_Task details:_ Please print, exactly, only the lines in the entries below from the line that has "If you want to turn it off, just click" through the line that has "Whenever they ask". Pictures don't go in.

_Records for this exercise:_
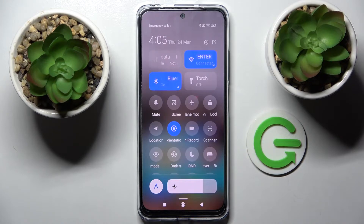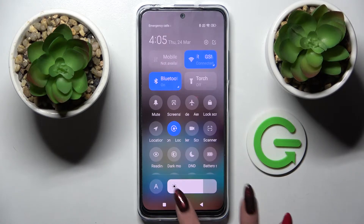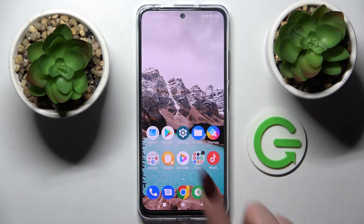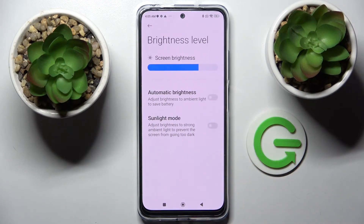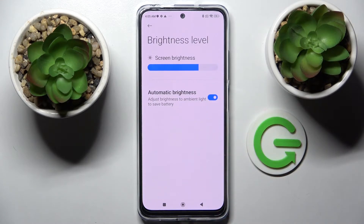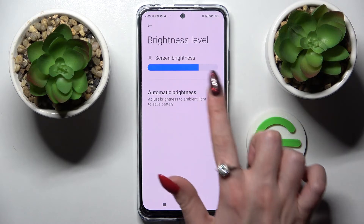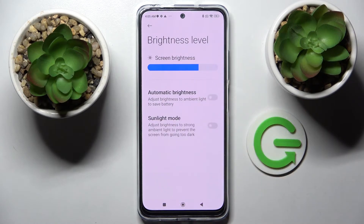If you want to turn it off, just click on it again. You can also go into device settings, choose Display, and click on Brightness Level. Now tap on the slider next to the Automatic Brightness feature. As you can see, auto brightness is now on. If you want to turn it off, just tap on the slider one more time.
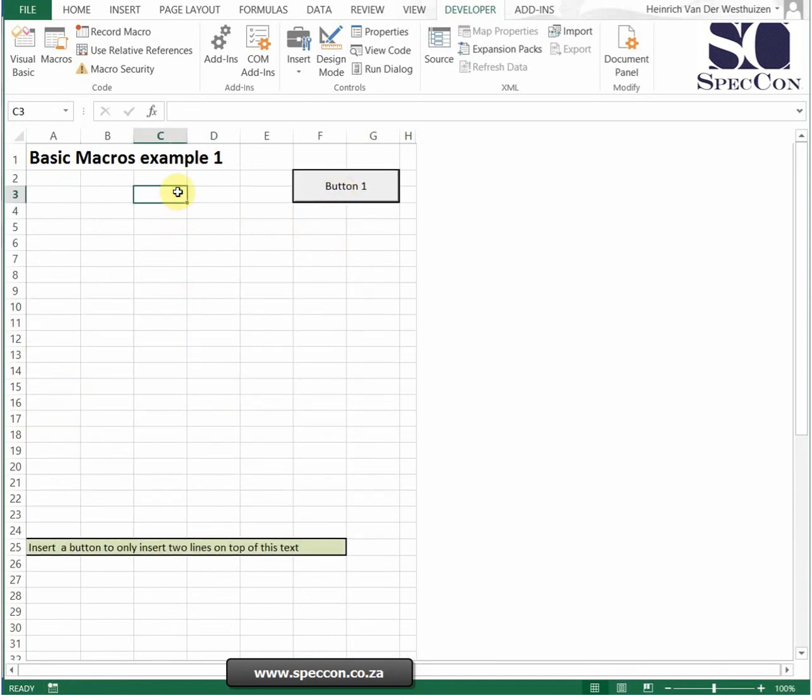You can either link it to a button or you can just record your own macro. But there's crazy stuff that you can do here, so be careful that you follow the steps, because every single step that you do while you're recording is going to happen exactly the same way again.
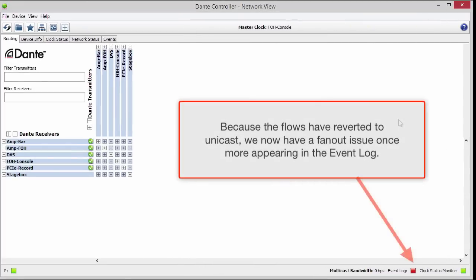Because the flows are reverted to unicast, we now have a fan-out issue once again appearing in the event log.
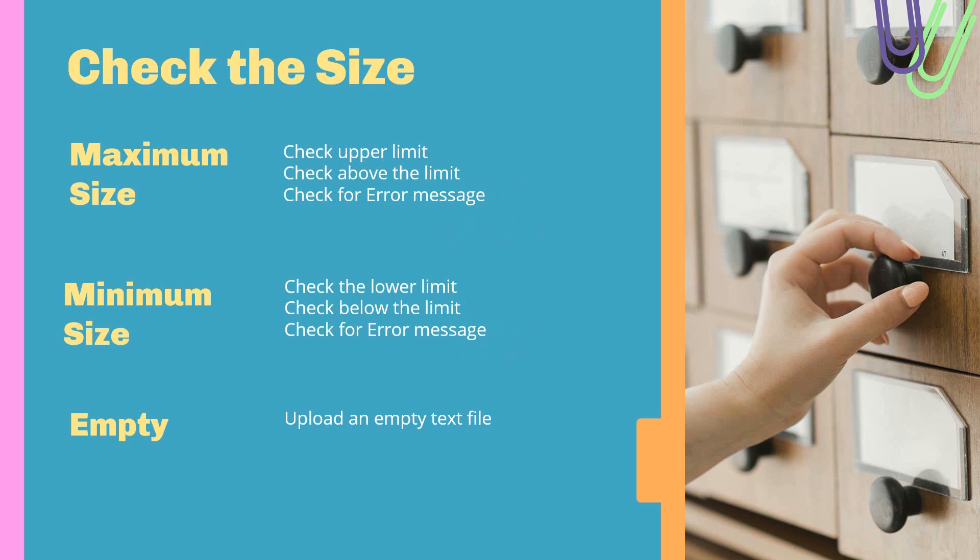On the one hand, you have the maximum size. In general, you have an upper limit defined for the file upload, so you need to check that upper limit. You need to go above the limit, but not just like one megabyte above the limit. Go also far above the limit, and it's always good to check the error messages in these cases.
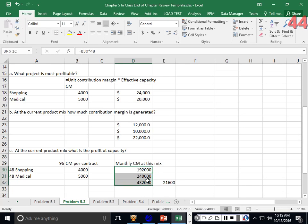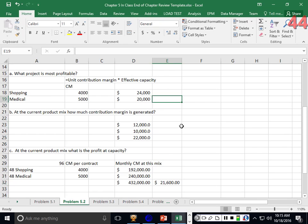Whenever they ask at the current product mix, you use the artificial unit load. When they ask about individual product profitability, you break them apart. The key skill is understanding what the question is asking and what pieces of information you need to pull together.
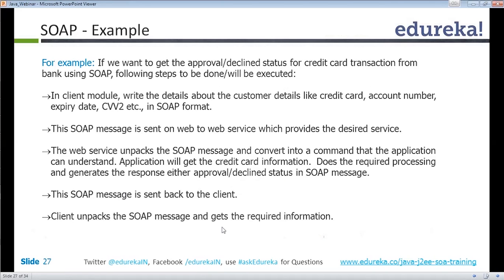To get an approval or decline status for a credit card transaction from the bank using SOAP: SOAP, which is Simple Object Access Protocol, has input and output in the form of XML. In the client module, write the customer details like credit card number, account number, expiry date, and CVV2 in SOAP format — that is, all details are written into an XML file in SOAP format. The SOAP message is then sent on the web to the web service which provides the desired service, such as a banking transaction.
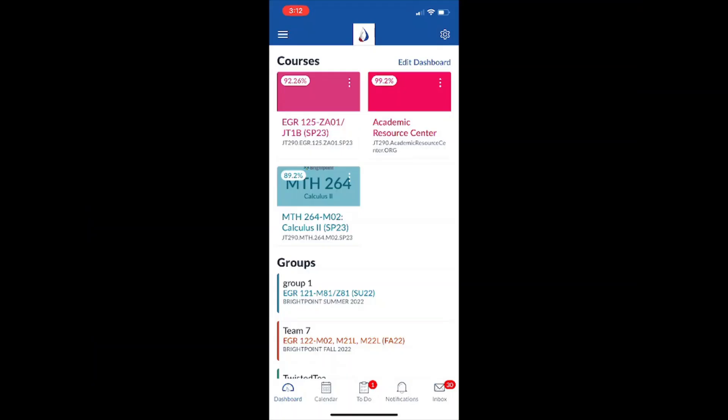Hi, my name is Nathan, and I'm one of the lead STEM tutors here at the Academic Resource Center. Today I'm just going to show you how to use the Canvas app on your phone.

---

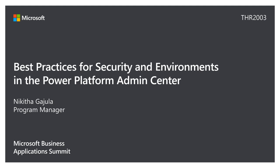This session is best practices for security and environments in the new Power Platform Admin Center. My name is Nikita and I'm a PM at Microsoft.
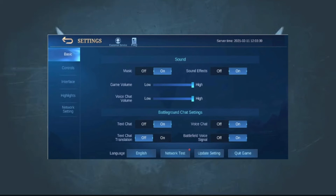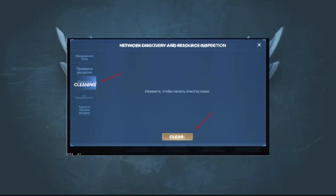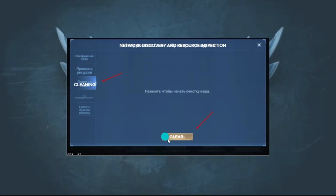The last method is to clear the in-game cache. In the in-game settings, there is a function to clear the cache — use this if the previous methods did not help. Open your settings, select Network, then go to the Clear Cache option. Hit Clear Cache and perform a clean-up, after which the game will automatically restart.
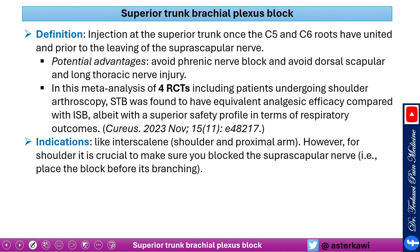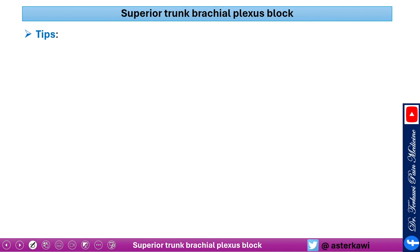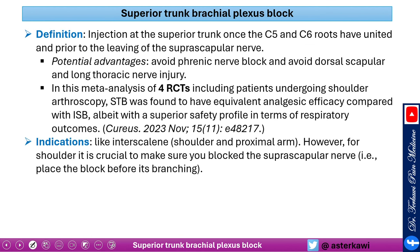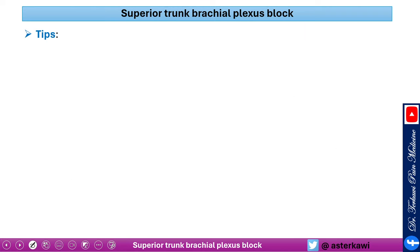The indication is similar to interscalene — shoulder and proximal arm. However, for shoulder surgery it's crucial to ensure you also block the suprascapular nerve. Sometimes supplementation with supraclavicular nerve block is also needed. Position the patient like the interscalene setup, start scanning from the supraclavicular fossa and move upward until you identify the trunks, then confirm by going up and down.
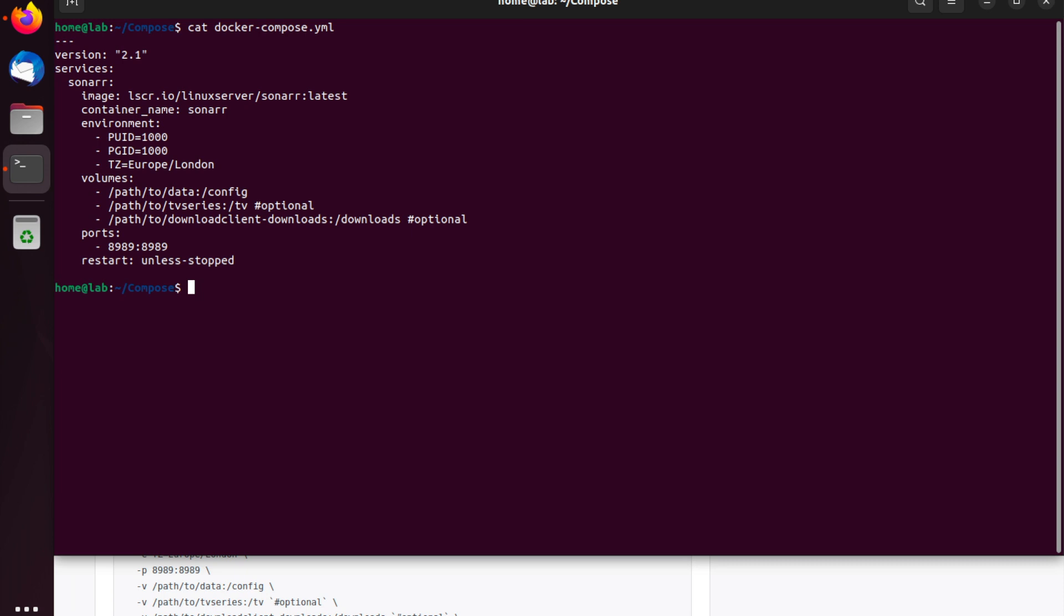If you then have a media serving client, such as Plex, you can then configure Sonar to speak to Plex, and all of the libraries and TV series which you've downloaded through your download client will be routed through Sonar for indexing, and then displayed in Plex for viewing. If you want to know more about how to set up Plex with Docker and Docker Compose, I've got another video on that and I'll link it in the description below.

---

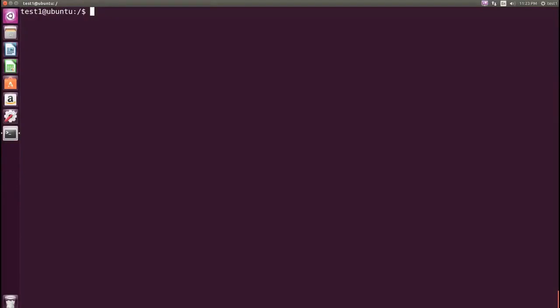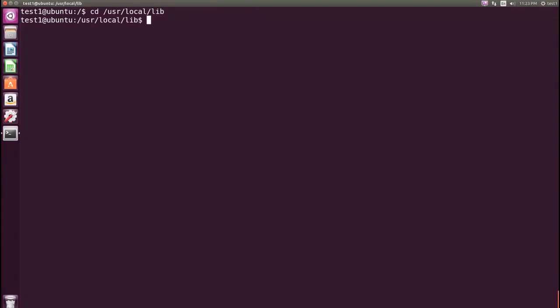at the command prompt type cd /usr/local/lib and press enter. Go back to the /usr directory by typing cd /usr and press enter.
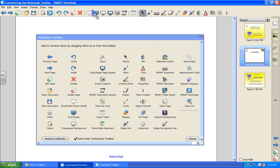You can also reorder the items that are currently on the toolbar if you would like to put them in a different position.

_Response area:_
If you want to turn it off, just click on it again. You can also go into device settings, choose Display, and click on Brightness Level. Now tap on the slider next to the Automatic Brightness feature. As you can see, auto brightness is now on. If you want to turn it off, just tap on the slider one more time.
You can either link it to a button or you can just record your own macro. But there's crazy stuff that you can do here, so be careful that you follow the steps, because every single step that you do while you're recording is going to happen exactly the same way again.
Because the flows are reverted to unicast, we now have a fan-out issue once again appearing in the event log.
On the one hand, you have the maximum size. In general, you have an upper limit defined for the file upload, so you need to check that upper limit. You need to go above the limit, but not just like one megabyte above the limit. Go also far above the limit, and it's always good to check the error messages in these cases.
Whenever they ask at the current product mix, you use the artificial unit load. When they ask about individual product profitability, you break them apart. The key skill is understanding what the question is asking and what pieces of information you need to pull together.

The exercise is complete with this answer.